The 14 Gero Innovations Grant Award recipients were chosen based on their proposed methodology to develop and implement innovative strategies to increase the understanding that MSW students seeking to practice in mental health, substance use, and health have of the unique issues of older adults in those practice settings. The sustainable effect of each proposal was also central to the application review process. The extent to which adjunct faculty would be included in these methodologies was also considered, as they often play a key role in teaching specialty courses.

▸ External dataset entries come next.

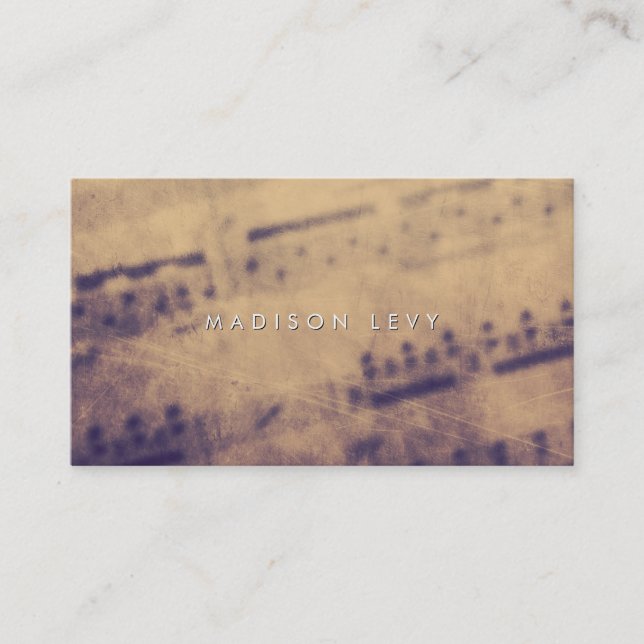 Cartão De Horário Sheet Music Grunge Teacher Musician Player (Frente)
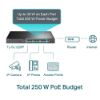 Picture of TP-Link TL-SL1226P 24-Port 10/100Mbps + 2-Port Gigabit Unmanaged PoE+ Switch , Up To 250W For all PoE Ports, Up To 30W Each PoE Port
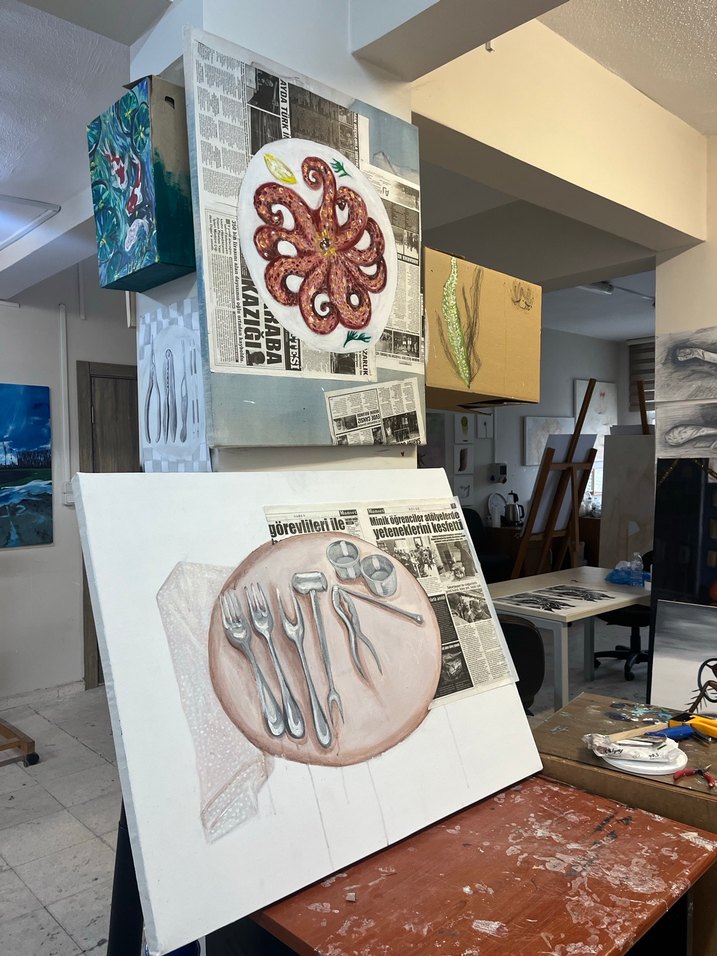 Gri Masa Üstü Tabak ve Çatal Seti tablo - Görsel 2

“Together, the programs will produce a wealth of effective teaching materials that focus on increasing gerontological competencies of MSW students who intend to practice in mental health, substance use, and health care settings” said Sadhna Diwan, project principal investigator of the MAC Project and associate professor at San Jose State University. “The programs selected are well equipped to take on the challenge of producing curricular materials that address the needs of an increasingly diverse older population in this country.”

The MSW programs chosen to receive the Innovations Grants for 2007 span from New York to California: Adelphi University; Arizona State University; Fordham University; Case Western Reserve University; Monmouth University; New York University; Saint Louis University; University at Albany; University of California, Los Angeles; University of Chicago; University of North Carolina at Greensboro; University of Oklahoma; University of Texas at Arlington; and University of Texas at Austin.

The number of older adults with serious psychiatric disorders is estimated to climb as high as 15 million by the year 2030. And, the number of older adults in need of substance use treatment will increase from 1.7 million in 2000 and 2001 to 4.4 million in 2020. In order for older Americans to actively participate in their communities, many depend on health services, including physical and mental health services, as well as services offered for substance use. Given the prevalence of social workers in these settings and the rapidly growing population of older adults, the successful realization of the MAC Project’s goals are more urgent.

The MAC Project focuses on increasing gerontological competencies in the MSW advanced specialty areas of health, mental health, and substance use. The MAC Project primarily fulfills its mission through creating resources that faculty can use to teach these three specialty areas and strives to examine the current state of knowledge to define a progressive agenda for social work education, practice, and research.

The MAC Project is a project of the Gero-Ed Center, which is led by Co-Principal Investigators Dr. Julia M. Watkins, executive director of CSWE, and Dr. Nancy Hooyman, the Hooyman Endowed Professor in Gerontology at the University of Washington, School of Social Work. The Center is funded by the John A. Hartford Foundation. Founded in 1929, the John A. Hartford Foundation is a committed champion of training, research, and service system innovations that promote the health and independence of America’s older adults. Through its grant making, the Foundation seeks to strengthen the nation’s capacity to provide effective, affordable care to this rapidly increasing older population by educating “aging-prepared” health professionals (physicians, nurses, social workers) and developing innovations that improve and better integrate health and supportive services. Mr. John A. Hartford and his brother, George L. Hartford, both former chief executives of the Great Atlantic & Pacific Tea Company, left the bulk of their estates to the Foundation upon their deaths in the 1950s. Additional information about the Foundation and its programs is available at www.jhartfound.org.